Caption-style text data:
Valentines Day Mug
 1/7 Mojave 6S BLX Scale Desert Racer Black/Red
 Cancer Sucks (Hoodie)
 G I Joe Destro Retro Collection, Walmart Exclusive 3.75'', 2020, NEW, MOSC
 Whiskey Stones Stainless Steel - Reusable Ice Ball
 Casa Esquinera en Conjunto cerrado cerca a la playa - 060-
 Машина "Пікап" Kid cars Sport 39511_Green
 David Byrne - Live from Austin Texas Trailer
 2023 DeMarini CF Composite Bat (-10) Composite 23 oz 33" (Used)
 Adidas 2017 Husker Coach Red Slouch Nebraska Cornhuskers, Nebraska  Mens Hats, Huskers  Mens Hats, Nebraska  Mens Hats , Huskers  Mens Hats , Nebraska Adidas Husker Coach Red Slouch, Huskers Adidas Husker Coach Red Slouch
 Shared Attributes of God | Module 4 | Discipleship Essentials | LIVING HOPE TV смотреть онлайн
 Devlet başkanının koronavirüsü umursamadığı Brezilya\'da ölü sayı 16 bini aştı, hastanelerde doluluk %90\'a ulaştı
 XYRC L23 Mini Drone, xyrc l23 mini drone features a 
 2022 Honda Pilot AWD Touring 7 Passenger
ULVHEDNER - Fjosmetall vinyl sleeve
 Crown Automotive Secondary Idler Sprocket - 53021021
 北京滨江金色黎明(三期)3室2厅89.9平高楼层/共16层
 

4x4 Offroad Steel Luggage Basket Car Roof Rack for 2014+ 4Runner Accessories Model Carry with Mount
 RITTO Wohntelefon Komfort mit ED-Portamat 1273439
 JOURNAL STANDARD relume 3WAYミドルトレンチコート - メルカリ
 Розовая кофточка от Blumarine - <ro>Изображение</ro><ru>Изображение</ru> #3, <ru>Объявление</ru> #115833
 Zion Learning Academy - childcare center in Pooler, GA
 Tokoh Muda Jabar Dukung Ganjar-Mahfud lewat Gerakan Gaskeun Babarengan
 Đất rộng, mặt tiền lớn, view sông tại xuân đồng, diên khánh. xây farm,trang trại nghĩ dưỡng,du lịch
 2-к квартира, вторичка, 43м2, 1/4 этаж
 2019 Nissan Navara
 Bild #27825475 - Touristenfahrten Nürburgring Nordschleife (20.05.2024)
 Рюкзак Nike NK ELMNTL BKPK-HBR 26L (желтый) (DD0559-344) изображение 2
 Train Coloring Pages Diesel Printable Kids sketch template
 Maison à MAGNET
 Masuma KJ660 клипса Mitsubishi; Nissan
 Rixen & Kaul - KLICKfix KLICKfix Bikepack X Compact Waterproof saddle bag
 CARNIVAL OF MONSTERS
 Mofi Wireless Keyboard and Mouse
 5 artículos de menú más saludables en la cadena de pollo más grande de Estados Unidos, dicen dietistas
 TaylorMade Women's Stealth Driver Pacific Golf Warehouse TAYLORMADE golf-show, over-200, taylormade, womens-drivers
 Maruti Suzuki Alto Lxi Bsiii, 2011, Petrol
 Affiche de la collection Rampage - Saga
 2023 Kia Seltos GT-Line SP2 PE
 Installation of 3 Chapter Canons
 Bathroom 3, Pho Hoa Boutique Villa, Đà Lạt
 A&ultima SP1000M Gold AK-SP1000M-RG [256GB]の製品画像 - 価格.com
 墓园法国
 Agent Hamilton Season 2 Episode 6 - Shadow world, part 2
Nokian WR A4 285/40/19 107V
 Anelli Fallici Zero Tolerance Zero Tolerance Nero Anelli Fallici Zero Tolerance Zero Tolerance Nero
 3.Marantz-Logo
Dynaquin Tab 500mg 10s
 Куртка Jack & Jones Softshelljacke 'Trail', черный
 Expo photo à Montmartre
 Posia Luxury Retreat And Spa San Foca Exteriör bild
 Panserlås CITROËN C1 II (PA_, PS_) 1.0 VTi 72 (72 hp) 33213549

> **YOUR ASSIGNMENT**
Take the lines above from the one containing "4x4 Offroad Steel" to the one containing "Posia Luxury Retreat" and retype them exactly, both ends included, with nothing added.

> **RESULT**
4x4 Offroad Steel Luggage Basket Car Roof Rack for 2014+ 4Runner Accessories Model Carry with Mount
 RITTO Wohntelefon Komfort mit ED-Portamat 1273439
 JOURNAL STANDARD relume 3WAYミドルトレンチコート - メルカリ
 Розовая кофточка от Blumarine - <ro>Изображение</ro><ru>Изображение</ru> #3, <ru>Объявление</ru> #115833
 Zion Learning Academy - childcare center in Pooler, GA
 Tokoh Muda Jabar Dukung Ganjar-Mahfud lewat Gerakan Gaskeun Babarengan
 Đất rộng, mặt tiền lớn, view sông tại xuân đồng, diên khánh. xây farm,trang trại nghĩ dưỡng,du lịch
 2-к квартира, вторичка, 43м2, 1/4 этаж
 2019 Nissan Navara
 Bild #27825475 - Touristenfahrten Nürburgring Nordschleife (20.05.2024)
 Рюкзак Nike NK ELMNTL BKPK-HBR 26L (желтый) (DD0559-344) изображение 2
 Train Coloring Pages Diesel Printable Kids sketch template
 Maison à MAGNET
 Masuma KJ660 клипса Mitsubishi; Nissan
 Rixen & Kaul - KLICKfix KLICKfix Bikepack X Compact Waterproof saddle bag
 CARNIVAL OF MONSTERS
 Mofi Wireless Keyboard and Mouse
 5 artículos de menú más saludables en la cadena de pollo más grande de Estados Unidos, dicen dietistas
 TaylorMade Women's Stealth Driver Pacific Golf Warehouse TAYLORMADE golf-show, over-200, taylormade, womens-drivers
 Maruti Suzuki Alto Lxi Bsiii, 2011, Petrol
 Affiche de la collection Rampage - Saga
 2023 Kia Seltos GT-Line SP2 PE
 Installation of 3 Chapter Canons
 Bathroom 3, Pho Hoa Boutique Villa, Đà Lạt
 A&ultima SP1000M Gold AK-SP1000M-RG [256GB]の製品画像 - 価格.com
 墓园法国
 Agent Hamilton Season 2 Episode 6 - Shadow world, part 2
Nokian WR A4 285/40/19 107V
 Anelli Fallici Zero Tolerance Zero Tolerance Nero Anelli Fallici Zero Tolerance Zero Tolerance Nero
 3.Marantz-Logo
Dynaquin Tab 500mg 10s
 Куртка Jack & Jones Softshelljacke 'Trail', черный
 Expo photo à Montmartre
 Posia Luxury Retreat And Spa San Foca Exteriör bild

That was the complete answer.